### ABOUT THIS EXERCISE
Every line of the records below that has the word "Photo" should be copied.
__________________________________________________
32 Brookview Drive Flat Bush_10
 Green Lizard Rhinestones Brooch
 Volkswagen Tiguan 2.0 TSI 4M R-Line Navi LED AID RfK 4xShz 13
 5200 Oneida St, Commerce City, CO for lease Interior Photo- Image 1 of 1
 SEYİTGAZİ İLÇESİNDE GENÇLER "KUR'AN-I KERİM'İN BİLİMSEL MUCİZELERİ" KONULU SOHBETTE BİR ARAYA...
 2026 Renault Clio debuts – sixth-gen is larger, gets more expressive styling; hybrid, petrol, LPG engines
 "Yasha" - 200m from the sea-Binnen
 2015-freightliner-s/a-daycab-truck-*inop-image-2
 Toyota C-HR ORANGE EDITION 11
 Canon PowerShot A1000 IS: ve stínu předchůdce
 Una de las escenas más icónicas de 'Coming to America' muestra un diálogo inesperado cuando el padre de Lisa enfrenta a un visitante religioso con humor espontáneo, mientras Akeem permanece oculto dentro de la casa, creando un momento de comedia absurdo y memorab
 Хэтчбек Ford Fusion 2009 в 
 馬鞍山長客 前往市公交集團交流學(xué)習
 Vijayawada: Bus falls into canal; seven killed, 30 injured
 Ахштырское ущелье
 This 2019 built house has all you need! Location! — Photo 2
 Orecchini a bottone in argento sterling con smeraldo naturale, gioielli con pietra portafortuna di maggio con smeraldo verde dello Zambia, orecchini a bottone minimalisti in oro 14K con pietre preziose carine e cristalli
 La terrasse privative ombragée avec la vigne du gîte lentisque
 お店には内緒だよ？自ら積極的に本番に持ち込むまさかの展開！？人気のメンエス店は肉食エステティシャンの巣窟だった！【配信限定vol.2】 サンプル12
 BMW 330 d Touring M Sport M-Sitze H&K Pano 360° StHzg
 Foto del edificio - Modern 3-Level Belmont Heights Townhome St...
__________________________________________________
### EXERCISE RESULT
 5200 Oneida St, Commerce City, CO for lease Interior Photo- Image 1 of 1
 This 2019 built house has all you need! Location! — Photo 2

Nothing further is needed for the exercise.